И как нам ни странна, как от нас ни далека эта пряная, фантастическая пестрая жизнь — Киплингу невольно веришь во всем, что он рассказывает. Эта правдоподобность, достоверность рассказа и составляет ту тайну очарования, которая приковывает к книгам Киплинга несокрушимыми волнующими узами. Для этого у Киплинга, при всей необычности, исключительности фабулы, есть много приемов, из которых многие вряд ли поддаются учету. У него, например, есть особая, своеобразная манера вводить читателя в среду и интересы своих героев. Для этого он начинает повествование так просто, так небрежно и даже иногда сухо, как будто вы давным-давно знаете и этих людей, и эти причудливые условия жизни, как будто сегодня Киплинг продолжает вам рассказывать о том, что вы сами видели и слышали вчера. Благодаря такому «вводу» вы долго испытываете какое-то недоумение, почти непонимание, заставляющее вас беспокойно напрягать память и часто возвращаться назад, к уже прочитанным строчкам. Но маленькими, беглыми, точно случайными штрихами автор, незаметно для вас самих, все яснее и яснее очерчивает местность, среду, взаимные отношения людей и фигуры самих людей, и когда вы, наконец, против воли совершенно ориентировались, то вы уже целиком захвачены рассказом, вы свой всем его героям, вы его не читаете, а живете в нем.

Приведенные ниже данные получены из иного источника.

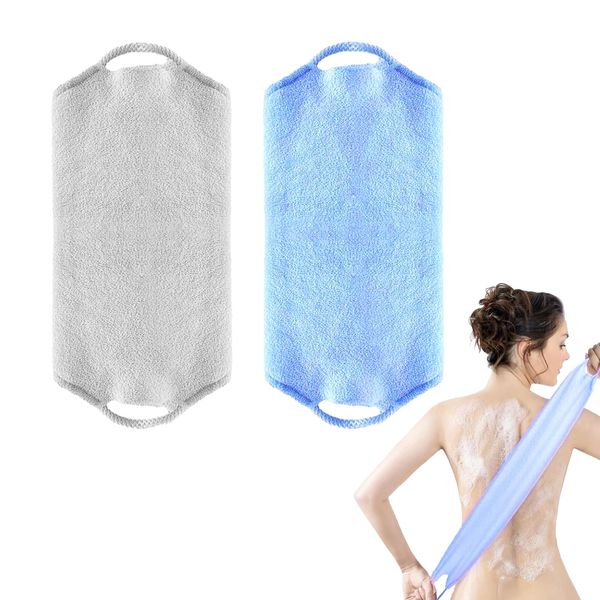 2 Piece Body Towel, Scrubbing Towel, Scrubbing Towel, Body Towel, Body Towel, Foaming Body Towel, Soft Bath Towel, Scrubbing Towel, Body Wash Towel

Кроме того, Киплинг увлекает и заставляет верить себе благодаря еще одной стороне своего таланта. Он обладает самыми колоссальными и разнообразными знаниями. Ему знакомы мельчайшие бытовые черты из жизни офицеров, чиновников, солдат, докторов, землемеров, моряков; он знает самые сложные подробности сотен профессий и ремесел; ему известны все тонкости любого спорта; он поражает своими научными и техническими познаниями. Но он никогда не утомляет своим огромным багажом. Он лишь пользуется им в такой мере и так искусно, что вы готовы поверить, что именно сам Киплинг ловил треску вместе с рыбаками на севере Атлантического океана, и нес службу на маяке, и метался в жестокой индийской лихорадке, и участвовал в кровавых карательных экспедициях, и строил мосты, и вел, как машинист, железнодорожные поезда, и т. д. и т. д. А в этом доверии заключается одна из тайн поразительного обаяния его рассказов и его большой и заслуженной славы.

О Гоголе

Вы хотите получить от меня к Гоголевскому юбилею юмористический рассказ, но, право, у меня не хватает смелости написать его, так же как трагедию — к юбилею Шекспира, комедию нравов — к Грибоедовским дням или лирическое стихотворение в память Гейне. Помните, у Щедрина: сидит репортер, смотрит на бюст Гете и мечтает: «Вот этак бы писануть!»

Дело другого рода — вопрос о влиянии Гоголя на меня и на моих сверстников. Влияния не было никакого. Да и вообще Гоголь одинок, без продолжателей и преемников. Сатира его, правда, отразилась в обличительной литературе шестидесятых — семидесятых годов, да и до сих пор отражается в современной публицистике в виде вечной цитаты об унтер-офицерской вдове, которая и т. д…Но художественная красота его творчества совершенно оторвана от современной литературы.

Такова же судьба и Пушкина — у него не было ни одного яркого последователя. Он прошел по земле, как бог, не оставив за собою тени. Зато поглядите, какая пропасть учеников и подражателей у Толстого, Достоевского и Чехова, даже у Андреева и Горького, даже, наконец, у Бальмонта и Блока!

Причина, по-моему, проста: Пушкин и Гоголь введены в курс преподавания в средне-учебных заведениях, а Толстой и Достоевский — эти два гиганта мировой литературы — находятся у начальства под сомнением и еще представляют всю прелесть запретного плода. Да! Только благодаря бездарности и невежеству русских педагогов, их робкому трепету, их чиновничьей трусости, их уважению не к душе русской литературы, а к циркулярам МНП, их неуменью читать вслух, их принудительной и карательной системе обучения, их безвкусию — мы не изучаем, не знаем, почти не читаем творений этих двух отцов и подвижников русской изящной словесности. Мы вышли из школы, а в памяти у нас механически застряла «Птичка божия», «Чуден Днепр» и что-то еще о Петрушкином запахе. А перечитывать уже трудно! И не потому ли умный и честный Писарев замахнулся с такой буйной дерзостью на Пушкина, что его отравил в детстве какой-нибудь тупоумный педагог?